Don't confuse visual design with architectural design. I agree there's a lot to like about the level layouts themselves.

You should play Dishonored 2 though if you want reference quality level design. That wasn't such a long time ago!
 

Dmax3901

Member
You nail my biggest complaint about the game: uninspired, repetitive locations make exploration less interesting than it should be. I feel this is the game's biggest downfall. Graphically it looks a bit flat too, with lighting a generation behind the likes of Alien Isolation and Doom. This could have done a lot to the atmosphere, which never quite generates as much tension as you hope.

Props for mentioning the sound design and Sunshine - a vastly underrated film in my view!

Appreciate the feedback! I loved the performance, but agree that Prey is nothing all that special visually.

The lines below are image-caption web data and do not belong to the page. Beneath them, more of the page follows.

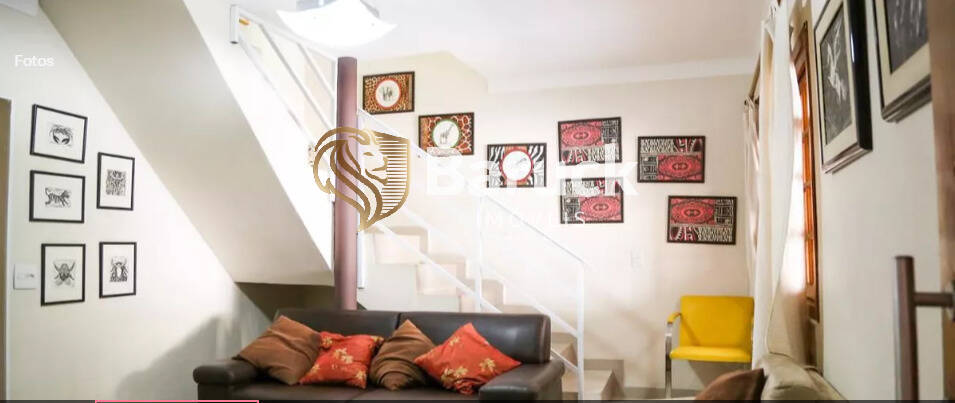 Sobrado à venda com 3 quartos, 209m² - Foto 3
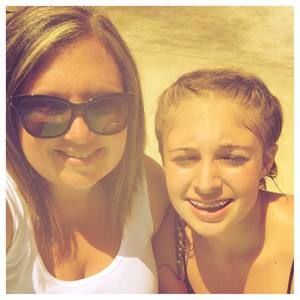 Meet your Posher, Candace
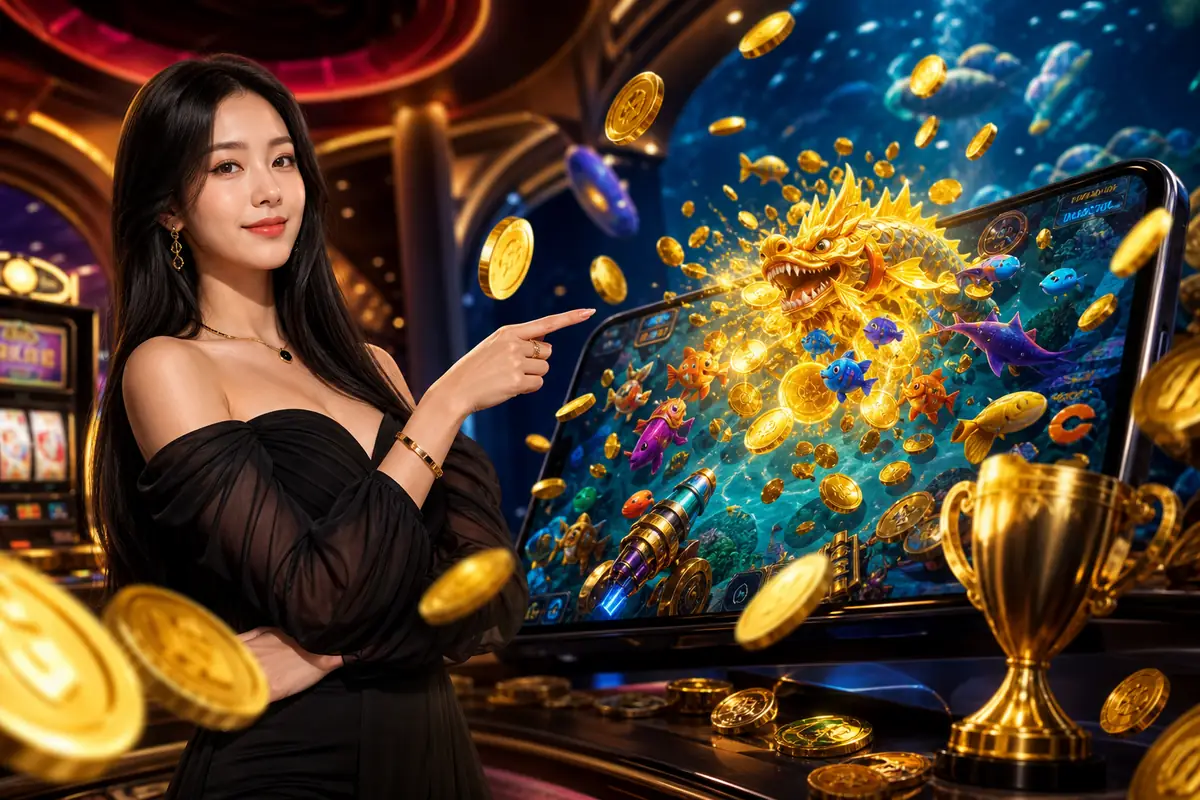 mdi97 KBZPay Wave Money ငါးပစ်ဂိမ်း ငွေသွင်းခြင်း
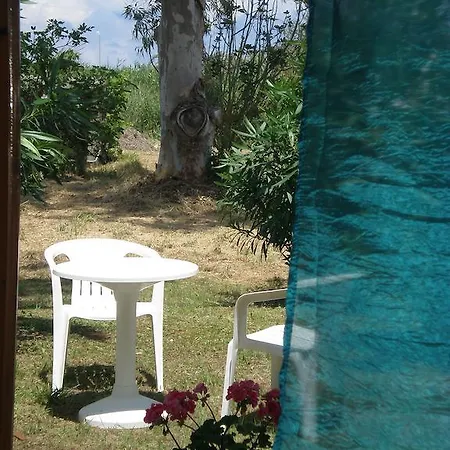 Marie Corfu Apartamento *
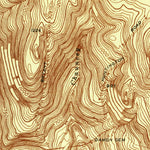 United States Geological Survey Westhampton, MA (1946, 24000-Scale) digital map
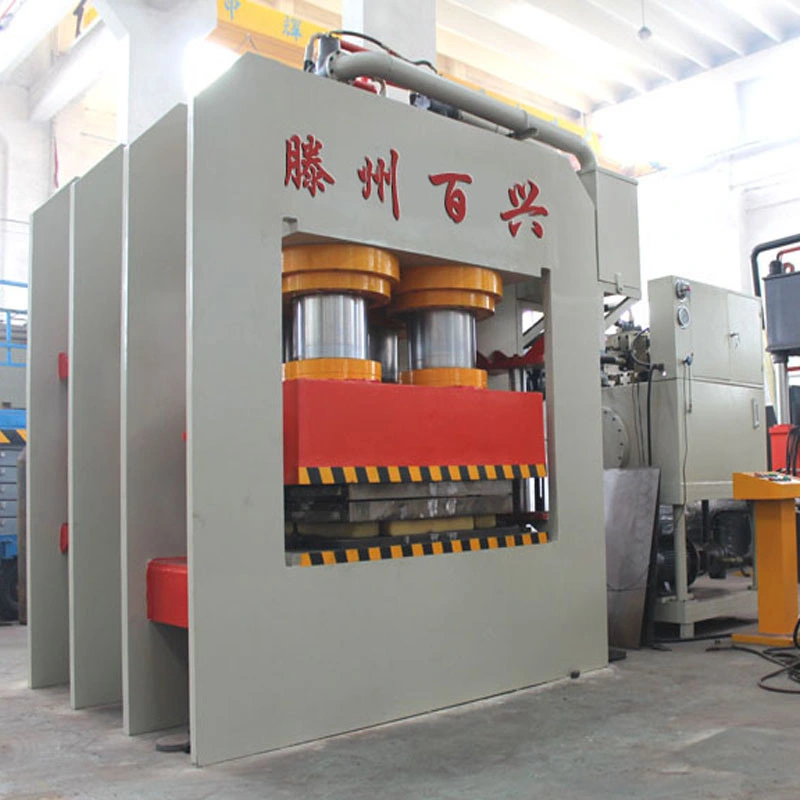 High quality/High cost performance  200/300 Ton Type Frame Structure Hydraulic Press for Sale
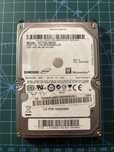 Dysk twardy HDD 750GB Seagate 2,5”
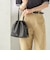 《一部予約》【WEB限定】George Cinq: DRAWSTRING BAG（S）
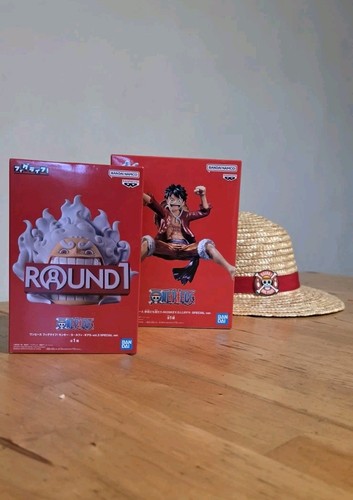 One piece round - piece,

Couldn't disagree more. The level design and the interconnected world of Prey is by far its biggest strength, and provides some of the best level design in a very long time. Each section/floor of the ship is unique and serves a purpose, both gameplay-wise and story-wise.

I feel the purpose these areas serve is kinda arbitrary though, especially storywise. You're only in a new place cause you need to fix something or retrieve a key card that just happens to be there. But I suppose this stuff is more suited to the OT.
 
I finished this recently and am really surprised by the scores and general consensus of the critics on this one. For me it's probably the best immersive sim of the modern era. Better than Deus Ex Human Revolution, much better than Mankind Divided, and my favorites Dishonored 1/2 I'd put right alongside it just for their amazing level design but they don't have the awesome interconnected world of Prey.

I do think critics usually playing on console might have hurt it's reception with the input lag on PS4 and in general the combat seems to be made for a mouse. Arkane weren't BSing about them developing for PC first when they talked about this game. The way mimics jump around you and some phantoms warp around was definitely not made with dual analog in mind.